Volker Pantenburg, Harun Farocki Institut, Berlin
In “One plus one” (1968), Godard famously proclaimed: If an intellectual wants to be revolutionary, he has to stop being an intellectual. Many notions of radicality around 1968 are struggling with the question how the relation between thinking/aesthetics on the one hand and acting/politics on the other can be overcome. Does one need to take sides? If so, which side would it have to be? Is it a false dichotomy in the first place?

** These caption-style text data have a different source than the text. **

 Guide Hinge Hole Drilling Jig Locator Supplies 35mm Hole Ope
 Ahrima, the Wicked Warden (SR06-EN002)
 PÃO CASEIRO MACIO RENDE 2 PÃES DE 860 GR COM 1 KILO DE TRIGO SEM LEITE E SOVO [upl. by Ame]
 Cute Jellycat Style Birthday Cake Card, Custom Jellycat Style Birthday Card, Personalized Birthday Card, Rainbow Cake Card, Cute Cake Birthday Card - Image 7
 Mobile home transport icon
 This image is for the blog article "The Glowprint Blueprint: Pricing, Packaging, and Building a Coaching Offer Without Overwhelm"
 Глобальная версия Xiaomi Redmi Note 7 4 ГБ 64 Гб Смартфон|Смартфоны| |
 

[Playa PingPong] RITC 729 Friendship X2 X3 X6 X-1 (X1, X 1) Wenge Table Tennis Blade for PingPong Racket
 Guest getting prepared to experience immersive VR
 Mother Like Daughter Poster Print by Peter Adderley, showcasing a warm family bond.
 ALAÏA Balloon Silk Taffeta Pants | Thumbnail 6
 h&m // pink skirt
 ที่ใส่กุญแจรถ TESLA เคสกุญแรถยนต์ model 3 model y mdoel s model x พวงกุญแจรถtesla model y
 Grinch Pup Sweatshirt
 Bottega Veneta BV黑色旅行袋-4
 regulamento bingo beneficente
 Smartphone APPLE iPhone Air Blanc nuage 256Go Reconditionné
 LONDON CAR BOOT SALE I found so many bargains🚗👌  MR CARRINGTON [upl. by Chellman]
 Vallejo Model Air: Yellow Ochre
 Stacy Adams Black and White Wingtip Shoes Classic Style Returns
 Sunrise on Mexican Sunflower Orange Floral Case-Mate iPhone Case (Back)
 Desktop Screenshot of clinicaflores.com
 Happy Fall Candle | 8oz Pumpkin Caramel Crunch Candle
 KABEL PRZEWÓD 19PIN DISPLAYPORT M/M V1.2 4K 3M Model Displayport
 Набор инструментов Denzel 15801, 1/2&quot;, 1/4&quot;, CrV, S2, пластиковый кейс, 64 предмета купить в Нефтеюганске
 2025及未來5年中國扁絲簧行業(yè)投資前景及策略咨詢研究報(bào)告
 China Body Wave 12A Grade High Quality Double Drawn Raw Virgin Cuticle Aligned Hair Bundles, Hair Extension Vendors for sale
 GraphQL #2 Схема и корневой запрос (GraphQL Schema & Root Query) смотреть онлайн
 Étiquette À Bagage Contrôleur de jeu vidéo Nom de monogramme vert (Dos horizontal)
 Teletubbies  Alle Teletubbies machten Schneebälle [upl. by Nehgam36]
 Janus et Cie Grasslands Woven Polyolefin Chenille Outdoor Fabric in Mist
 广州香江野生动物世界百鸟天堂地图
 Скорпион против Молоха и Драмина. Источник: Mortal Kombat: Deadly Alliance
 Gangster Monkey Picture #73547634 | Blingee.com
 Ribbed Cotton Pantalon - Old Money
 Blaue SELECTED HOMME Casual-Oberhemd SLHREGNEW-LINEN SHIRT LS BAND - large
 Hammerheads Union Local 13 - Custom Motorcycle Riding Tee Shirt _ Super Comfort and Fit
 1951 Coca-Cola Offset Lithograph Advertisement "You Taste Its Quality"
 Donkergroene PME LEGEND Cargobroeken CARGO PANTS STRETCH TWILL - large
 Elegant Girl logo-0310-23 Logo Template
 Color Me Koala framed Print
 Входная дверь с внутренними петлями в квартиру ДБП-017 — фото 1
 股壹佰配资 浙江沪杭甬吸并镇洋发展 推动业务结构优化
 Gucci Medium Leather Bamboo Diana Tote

Harun Farocki, Holger Meins, and Günter Peter Straschek, fellow students of the first year at Deutsche Film- und Fernsehakademie Berlin (dffb) gave different answers and suggested different paths. Meins, cameraman for Farocki’s The Words of the Chairman (1967) and Straschek’s A Western for the SDS (1968) and director of Oskar Langenfeld (1966) took the most radical option by joining the armed struggle of the Red Army Faction and ending his life in prison after a hunger strike in November 1974. Farocki and Straschek, in their turn, tried to maintain a rigorous political stance within the realm of a political aesthetics. In a variation of Godard’s one-liner, Straschek reminds us: “Bad intellectuals have never yet become good proletarians.” Showing and commenting clips and short films by the three film makers, I would like to delineate options of negotiating film making and politics in the years 1967 to 1970.
Volker Pantenburg is professor for Film Studies at Freie Universität Berlin. In 2015, he co-founded the Harun Farocki Institut.